There is plenty of room to use these abilities creatively. Drop a trap on a wizard after a few consecutive dodges and he’s unlikely to have the mana to escape. Our team rushed to rescue a downed enemy at the end of a fight, only to flee in the face of a sudden fire bomb. In the disarray the Shadow Lord used its scariest ability, and inhabited a summoned doppelganger of our rogue a jacketed woman dual wielding hand-scythes. We quickly took the clone down, but it provided a surprising impromptu mini boss fight at the end of an encounter we thought we’d ended.


The torch lit tomb we explored looked a little plain in its pre alpha form, but culminated in a challenging boss fight on a rocky arena hovering inside a swirling maelstrom of magic. There we fought a bat winged ogre boss, and eventually fell to hordes of undead summoned by the beast and the Shadow Lord. We didn't have a dedicated healing class so we had to rely on our limited supply of medpacks,

shared by the entire party. These were replenished at checkpoint monuments that need to be activated by all party members simultaneously.
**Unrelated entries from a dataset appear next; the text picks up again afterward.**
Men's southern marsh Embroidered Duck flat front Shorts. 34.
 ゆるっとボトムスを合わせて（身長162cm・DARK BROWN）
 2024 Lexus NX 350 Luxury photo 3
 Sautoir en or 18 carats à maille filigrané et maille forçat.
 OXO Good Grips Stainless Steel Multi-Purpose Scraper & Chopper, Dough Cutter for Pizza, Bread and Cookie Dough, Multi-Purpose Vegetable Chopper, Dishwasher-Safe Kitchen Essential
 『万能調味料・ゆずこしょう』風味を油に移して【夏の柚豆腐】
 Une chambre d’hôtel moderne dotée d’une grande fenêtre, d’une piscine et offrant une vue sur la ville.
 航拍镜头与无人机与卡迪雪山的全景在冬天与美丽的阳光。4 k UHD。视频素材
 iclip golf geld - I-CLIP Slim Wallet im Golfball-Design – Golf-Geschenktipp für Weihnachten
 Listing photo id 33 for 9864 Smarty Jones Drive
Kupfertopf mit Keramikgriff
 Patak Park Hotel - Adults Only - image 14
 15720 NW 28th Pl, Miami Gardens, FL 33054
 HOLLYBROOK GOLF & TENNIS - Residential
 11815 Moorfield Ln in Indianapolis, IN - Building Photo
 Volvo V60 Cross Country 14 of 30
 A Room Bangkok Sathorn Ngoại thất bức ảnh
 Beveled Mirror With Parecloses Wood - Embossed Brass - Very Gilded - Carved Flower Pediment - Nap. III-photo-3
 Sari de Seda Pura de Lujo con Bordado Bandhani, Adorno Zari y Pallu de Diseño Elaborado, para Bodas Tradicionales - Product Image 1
BioWare fans will enjoy the “gather your party before venturing forth” prompt you get for hitting a checkpoint ahead of your allies.

The Shadow Lord can pop out of a possessed form at will to cause mischief elsewhere
It’s an exciting proof of concept, and a rare attempt to bottle the magic of tabletop RPGs. There are sticking points, of course: what if your group gets lumped with a bad Shadow Lord? For RPG fans used to roleplaying a single hero, will there be incentives to pick up the Shadow Lord  role? As a victim of the Shadow Lord’s machinations, I hope his abilities evolve over the course of the campaign, and that he gets environment-specific ways to mess with the team. The unpredictability of 
the doppelganger summon turned an entertaining but forgettable battle into something special.


BioWare promises plenty of character customization and ability progression that will span Shadow Realms ’ episodes, but specifics regarding the story, and the Shadow Lord’s narrative role within it, are not yet settled. There is also a logistical issue with a long episodic campaign structure that makes it difficult for players’ experiences to diverge, which would be a key factor in making them feel that their decisions matter.

The team is grappling with these questions now, but has decided to release the combat alpha to the public far in advance of release. The Shadow Lord concept is fresh, and requires extensive testing to ensure no one in the encounter is having fun at everyone else’s expense a classic dilemma for tabletop games masters, too. I worry that RPG fans will be put off by regular multiplayer interludes in
a game that otherwise plays like a classic BioWare RPG, but the prospect of the studio taking on a modern fantasy setting should be enough to overcome this. It’s a great premise that The Secret World badly mishandled back in 2012. It’s time for BioWare to do it right.